Another persistent problem is the use of child soldiers by both government and non-state armed groups. Boys are recruited or coerced into combat roles, while girls are often subjected to forced marriage or sexual slavery under the guise of being "wives" to soldiers. Migrants passing through South Sudan from neighboring countries also face risks, as some are trafficked en route or stranded without support.

Several factors contribute to the prevalence of trafficking in South Sudan. The legal system remains weak, with limited capacity to investigate and prosecute trafficking crimes. Poverty, lack of education, and ongoing insecurity make it difficult to implement effective preventive measures. Although South Sudan acceded to the United Nations Convention against Transnational Organized Crime (UNTOC) in October 2023 and began drafting an anti-trafficking bill in early 2024, enforcement remains limited.

The country continues to rank in "Tier 3" of the U.S. Department of State's annual Trafficking in Persons Report, which indicates that the government does not meet the minimum standards for combating trafficking and is not making significant efforts to do so.

Despite these challenges, several international and local organizations are working to address the issue. Agencies such as the International Organization for Migration (IOM) and the United Nations Office on Drugs and Crime (UNODC) offer support in the form of training, institutional development, and victim assistance. Local non-governmental organizations are also involved in victim rescue, rehabilitation, and awareness campaigns.

Still, many obstacles remain. Public understanding of human trafficking is low, and survivors often face stigma when trying to reintegrate into their communities. The broader humanitarian crisis in South Sudan makes it difficult to prioritize and sustain anti-trafficking initiatives.

== Prosecution ==
Certain forms of trafficking has been termed as criminal offence in South Sudan's legal framework but enforcement remains minimal.
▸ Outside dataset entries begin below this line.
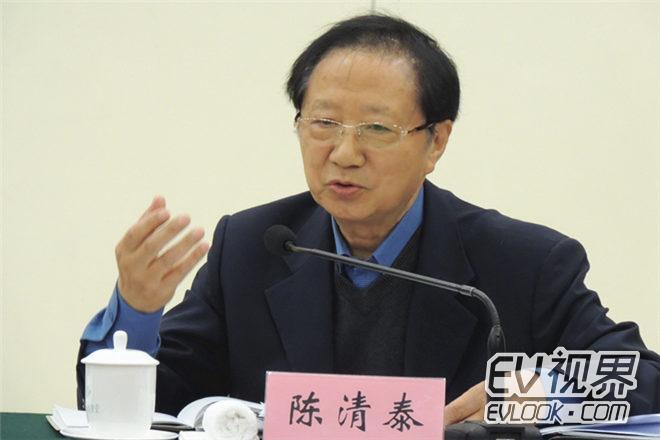 中國(guó)或?qū)⑾破鸬谌喂I(yè)革命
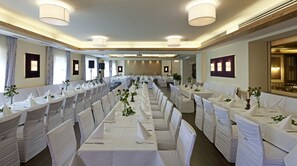 屋内結婚式場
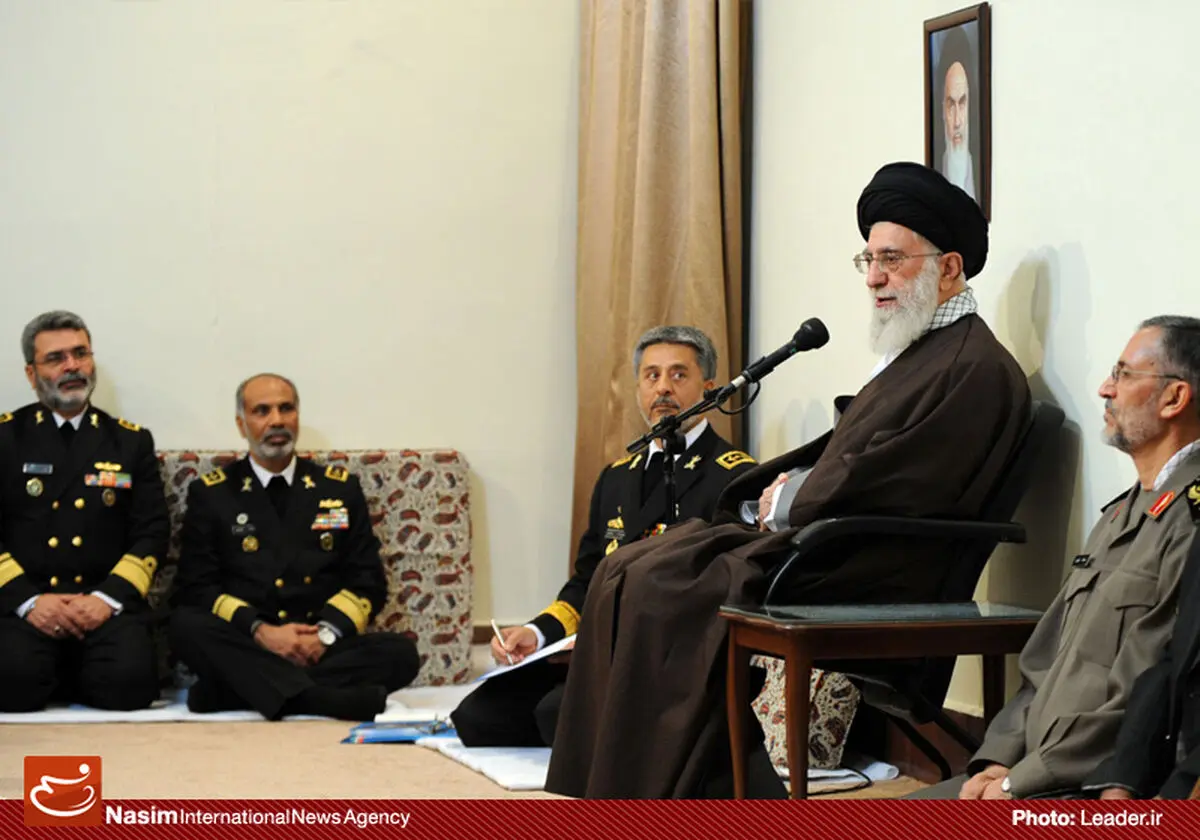 رهبر انقلاب: نیروهای مسلح بدون در نظر گرفتن محاسبات سیاسی آمادگی‌های خود را افزایش دهند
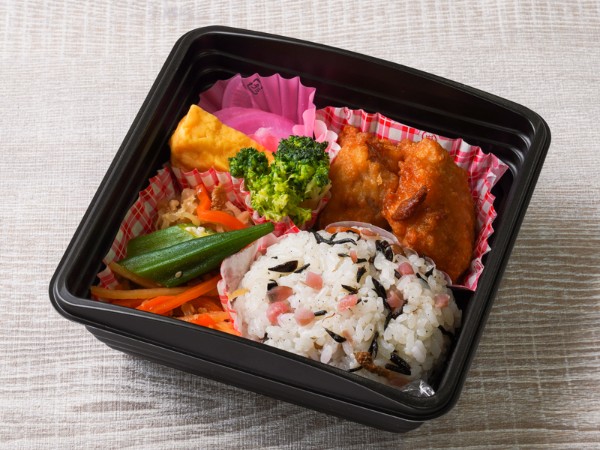 大きなおむすびと唐揚げ弁当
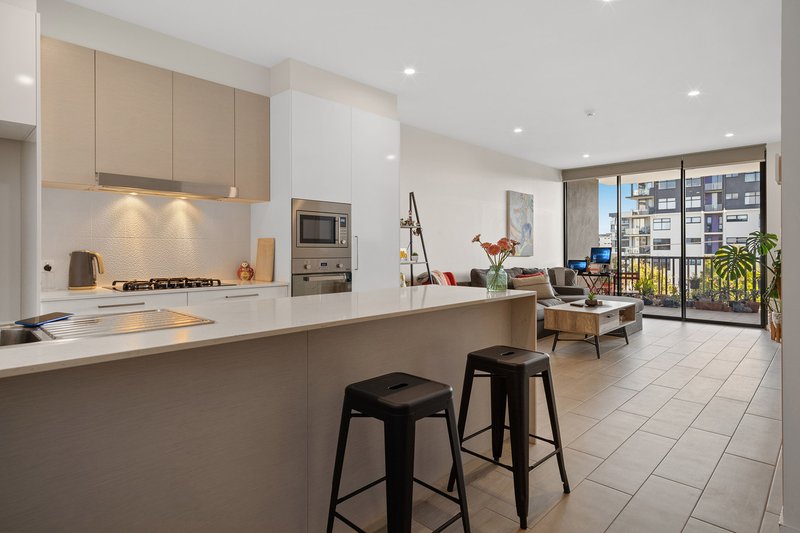 Photo - 301/56 Tryon Street, Upper Mount Gravatt QLD 4122 - Image 2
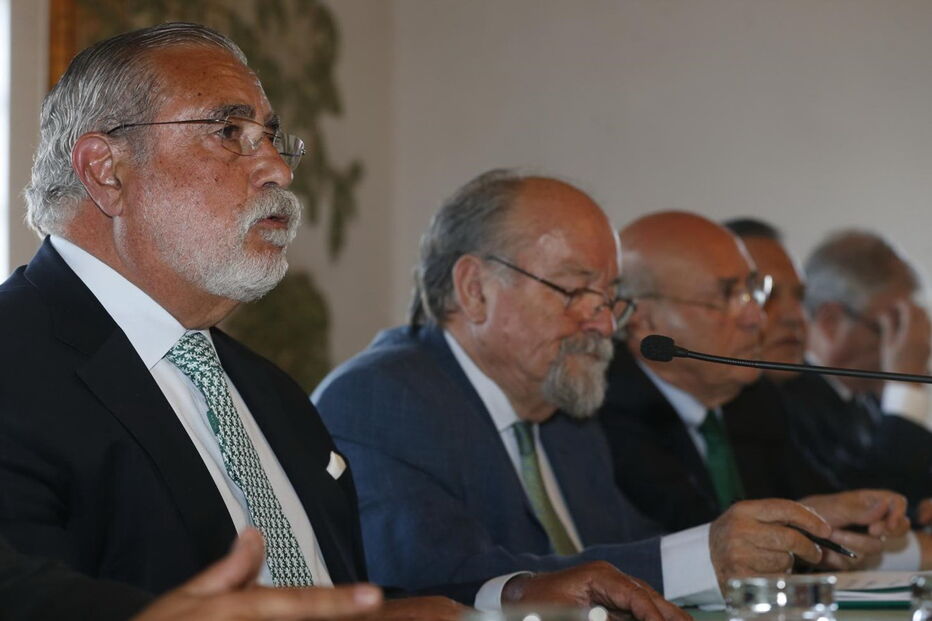 Artur Torres Pereira e a equipa que tomou posse da Comissão de Gestão do Sporting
The 2008 Penal code, 2008 Child Act, and 2018 Labor Act prohibit child trafficking, forced labor, and the recruitment of children for armed conflict, prescribing penalties ranging from five to fourteen years’ imprisonment.

For the eleventh consecutive year, the government did not report any prosecutions or convictions related to human trafficking. Investigations into trafficking cases were also lacking, and there were no reported efforts to address official complicity, despite persistent concerns about corruption and the involvement of security forces in the unlawful recruitment of child soldiers.

Some training and awareness activities were conducted in collaboration with international organizations, but knowledge of trafficking remained limited among law enforcement and judicial officials. Customary courts handled most cases due to limited capacity in statutory courts, and the specialized Gender-Based Violence and Juvenile Court continued to operate, though its role in trafficking cases was not clearly documented.

== Protection ==
The government of South Sudan continued to demonstrate limited efforts to protect victims of human trafficking. No formal procedures were reported for the identification or referral of victims to care, and no trafficking victims were officially identified or assisted during the reporting period. In cooperation with an international organization, authorities reported the demobilization of 11 child soldiers, a decrease from the 20 reported in the previous year.

The government held stakeholder meetings on child protection and conducted limited training for officials on legal frameworks relevant to children in armed conflict . However, significant barriers remained. Victims, particularly those subjected to sex trafficking, were often deterred from reporting crimes due to social stigma and fear of punitive action. In the absence of formal screening processes, authorities likely detained unidentified victims, including children.

The government did not provide legal alternatives to removal for foreign victims facing potential hardship or retaliation in their home countries. Additionally, no victim-witness support mechanisms were available to facilitate participation in legal proceedings related to trafficking crimes.